» **PROBLEM TO WORK ON**: Repeat every line of the data exactly, but not the pictures.

» **DATASET EXTRACT**:
+ + + + +
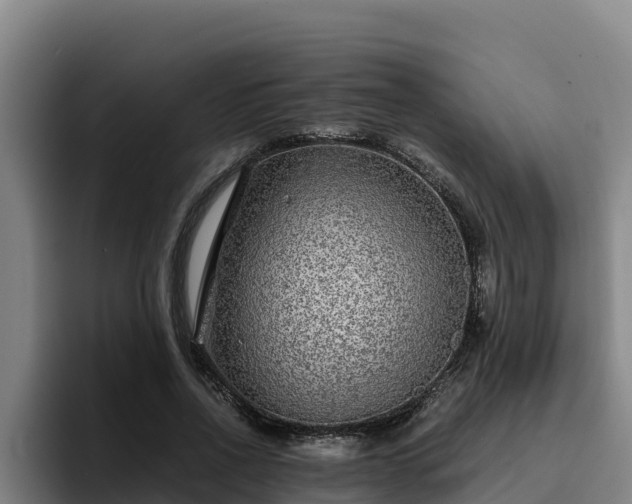 X0000094950734200712061251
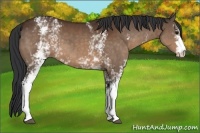 Horse Color:White Spotted Brown 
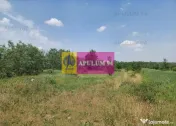 Săbăreni, teren 12620 mp pentru case, lângă pădure 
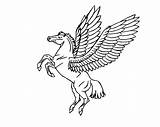 Pegasus Unicornio Chevaux Volants Pge Voladores Caballos sketch template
+ + + + +
» **WRITTEN REPLY**:
 X0000094950734200712061251
 Horse Color:White Spotted Brown 
 Săbăreni, teren 12620 mp pentru case, lângă pădure 
 Pegasus Unicornio Chevaux Volants Pge Voladores Caballos sketch template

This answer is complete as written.